Spiegel Zuid
De jongste maanden werd de aandacht van Vlamingen en Walen regelmatig gaande gehouden door een aantal traditionele probleemdossiers, het ene al meer communautair-geladen dan het andere.
Het spectaculairste probleem, het geval-Happart, werd vanaf dit jaar in het politieke jargon omgedoopt tot kermisattractie: het dossier komt met vaste regelmaat bij dezelfde instanties terecht zonder dat er een duidelijke oplossing voor gevonden wordt... het ‘carroussel’-Happart draait vrolijk verder. De vergelijking met een draaimolen is ietwat ongelukkig, want van vrijblijvend plezier is niets te merken.
Limburg heeft niet alleen Happart, er zijn ook nog een handvol steenkoolmijnen in bedrijf. De vooruitzichten voor de mijnsector zijn weinig florissant. Als kerstpresentje kregen de koolputters van de KS (Kempense Steenkoolmijnen) te horen dat 3 van de 5 vestigingen binnen afzienbare tijd gesloten worden in het kader van het plan-Gheyselinck. Gheyselinck werd door de regering aangezocht als crisis-manager voor de zwaar verlieslatende KS. Zijn saneringsplan houdt in dat zo'n 8.000 mijnwerkers op straat komen te staan.
Tweemaal beroering in de krantenwereld. De franstalige onafhankelijke Le Soir - een kersverse eeuweling - kreeg te maken met de kooplust van de Franse persmagnaat Hersant. Die wist (tegen de zin van de meeste aandeelhouders, de directie en de redactie) 24% van de aandelen van de krant in handen te krijgen, op 1% na voldoende om invloed te krijgen in het beleid. Een giftig verjaarsgeschenk voor de zo op haar onafhankelijkheid gestelde Le Soir-redactie.
Bijna verdween het laatste links-progressieve dagblad in Vlaanderen, De Morgen. De krant ging failliet maar werd er - onder meer dankzij een breed opgezette lezers- en sympatizantenaktie - weer bovenopgeholpen. Met het broodnodige verse geld kan De Morgen de eerste tijd weer vooruit, zo bleek in januari.
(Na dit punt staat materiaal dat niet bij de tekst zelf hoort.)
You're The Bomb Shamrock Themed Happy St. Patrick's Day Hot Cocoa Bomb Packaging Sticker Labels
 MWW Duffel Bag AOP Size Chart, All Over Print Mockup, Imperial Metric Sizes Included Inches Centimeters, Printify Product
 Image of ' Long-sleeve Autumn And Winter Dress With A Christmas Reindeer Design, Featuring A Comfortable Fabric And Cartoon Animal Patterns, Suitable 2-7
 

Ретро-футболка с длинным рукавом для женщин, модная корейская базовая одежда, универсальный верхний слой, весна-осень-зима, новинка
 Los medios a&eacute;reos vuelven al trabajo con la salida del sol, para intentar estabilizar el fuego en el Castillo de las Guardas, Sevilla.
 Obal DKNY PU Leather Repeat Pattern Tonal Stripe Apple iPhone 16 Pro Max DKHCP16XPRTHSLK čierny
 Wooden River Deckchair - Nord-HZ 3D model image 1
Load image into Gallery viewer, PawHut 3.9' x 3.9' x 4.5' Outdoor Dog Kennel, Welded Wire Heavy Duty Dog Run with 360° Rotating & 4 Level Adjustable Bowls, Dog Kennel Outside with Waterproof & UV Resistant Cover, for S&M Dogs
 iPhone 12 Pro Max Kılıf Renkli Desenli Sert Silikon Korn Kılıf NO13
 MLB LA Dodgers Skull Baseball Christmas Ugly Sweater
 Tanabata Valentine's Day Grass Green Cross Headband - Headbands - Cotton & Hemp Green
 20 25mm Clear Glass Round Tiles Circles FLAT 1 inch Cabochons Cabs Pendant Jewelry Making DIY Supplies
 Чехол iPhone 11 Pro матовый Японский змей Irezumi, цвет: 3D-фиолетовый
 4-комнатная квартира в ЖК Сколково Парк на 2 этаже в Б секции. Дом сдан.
Nog diezelfde maand kreeg het kabinet de problemen van 's lands laatste grote scheepsbouwwerf op de agenda. De liquiditeitsproblemen van de Boelwerf (Temse) noopten de eigenaars tot de aankondiging dat een faillissement niet meer te vermijden was.
De faillissementsdreiging werd op het laatste nippertje afgewend via ultiem overleg tussen regering en eigenaars. Er kwam weer wat financiële ruimte voor de Boelwerf; ruim tweeduizend werknemers zijn voorlopig weer gerust.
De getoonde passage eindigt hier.